**WHAT IS NEEDED:** Leaving out the pictures, return word for word the stretch of entries below from the line holding "第3話-參與活動請射精" through the line holding "Устройство для определения".

(Web page caption snippets)
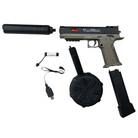 2011 Gel Blaster Grey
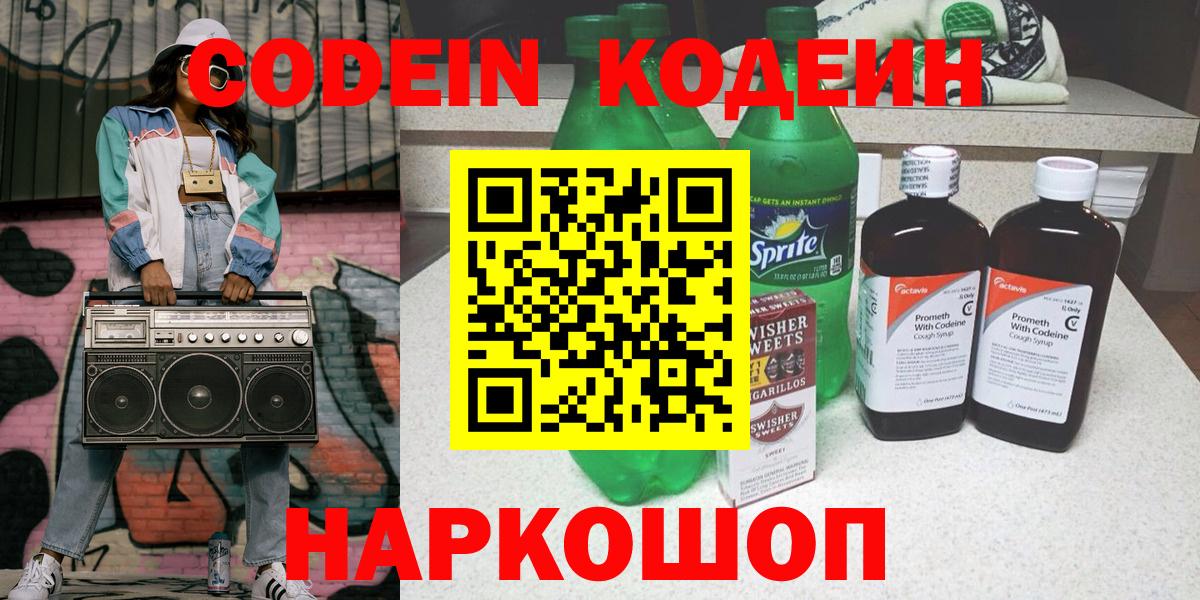 Клинцы  Cocaine  A PVP СК кристаллы  Мефедрон кристаллы  ГАШИШ  ТГК  Бошки Шишки  Вход с VPN  ГАШИШ 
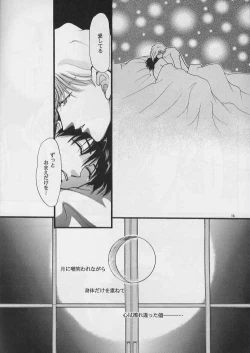 Page 15 of Cynical Moon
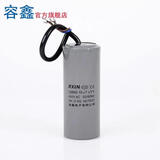 RXiN容鑫 电子器元件启动电容CBB60/450v/60uf系列电机运转电容器 聚丙烯薄膜电容器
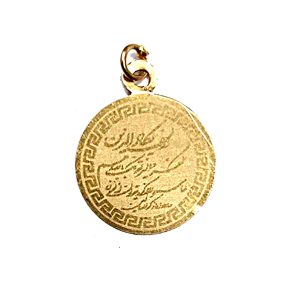 پلاک-ون-یکاد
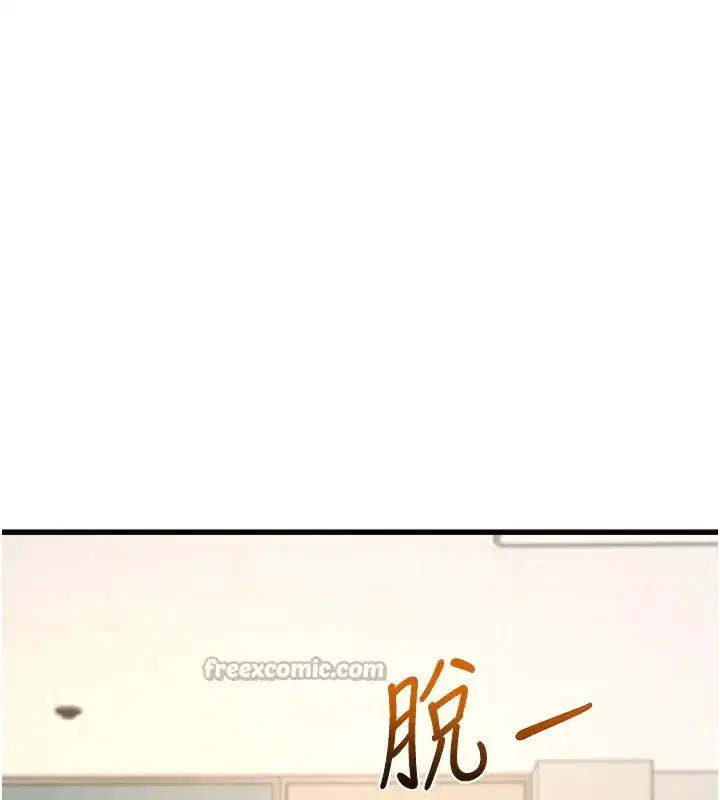 第3話-參與活動請射精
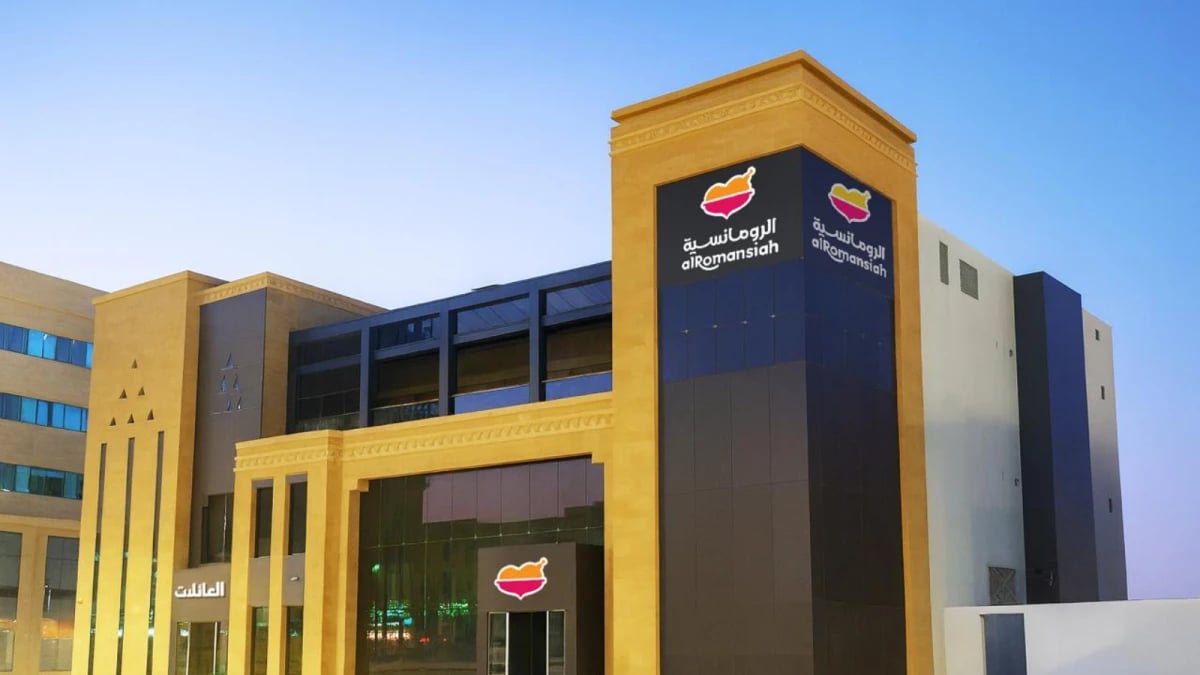 إلغاء إدراج "الرومانسية" بعد انتهاء مهلة موافقة هيئة السوق المالية السعودية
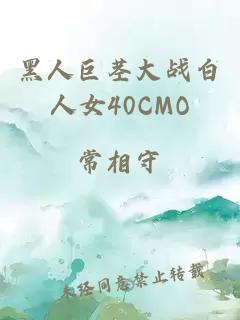 黑人巨茎大战白人女40CMO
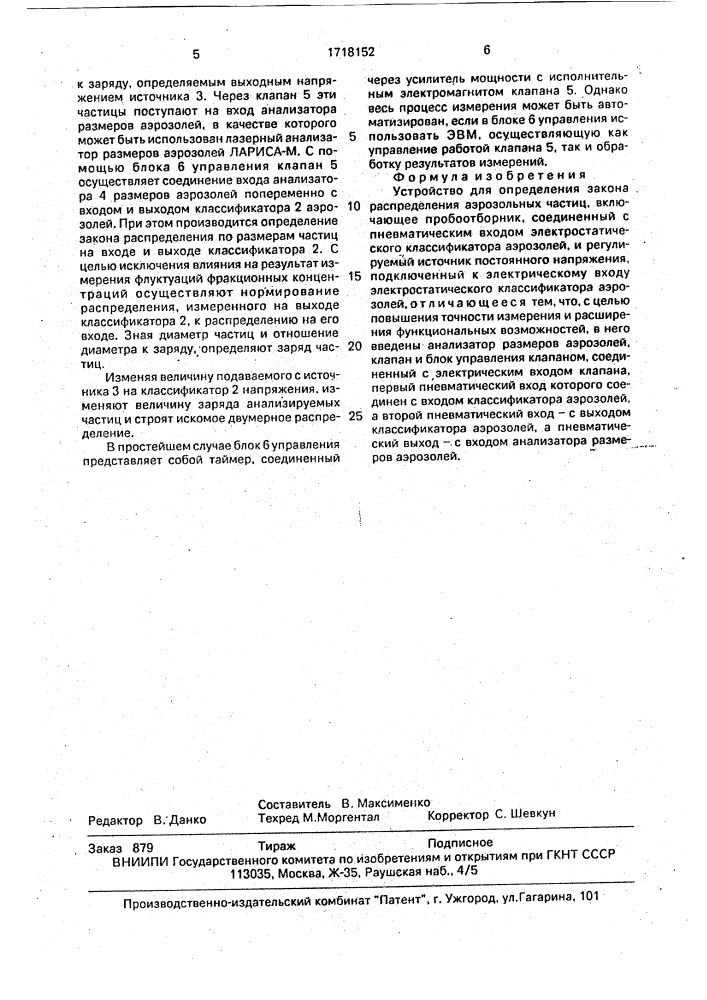 Устройство для определения закона распределения аэрозольных частиц (патент 1718152)
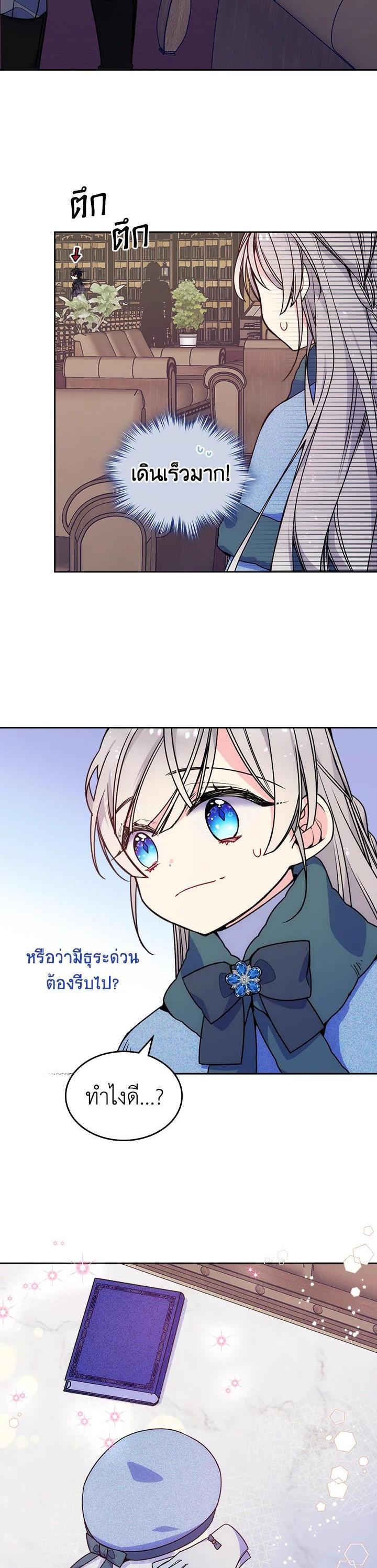 Manga-lc-com อ่านมังงะ อ่านการ์ตูน ออนไลน์ ฟรี I’m Worried that My Brother is Too Gentle ตอนที่ 1 2 3 4 5 6 7 8 9 10 11 12 13 14 ฟรี ไม่มีโฆษณา Manga-lc - อ่าน มังงะ อ่าน การ์ตูน ออนไลน์ อ่านมังงะ ฟรี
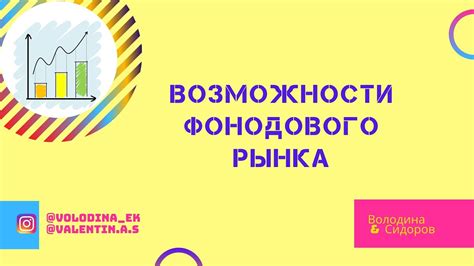 "Возможности фондового рынка" - YouTube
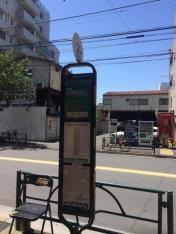 「江古田二又」バス停留所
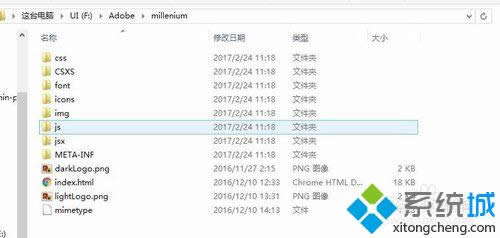 xpϵ�y���bPhotoshop cc 2015�汾����zxp�ļ��Ĳ��E2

**SOLUTION BELOW:**
 第3話-參與活動請射精
 إلغاء إدراج "الرومانسية" بعد انتهاء مهلة موافقة هيئة السوق المالية السعودية
 黑人巨茎大战白人女40CMO
 Устройство для определения закона распределения аэрозольных частиц (патент 1718152)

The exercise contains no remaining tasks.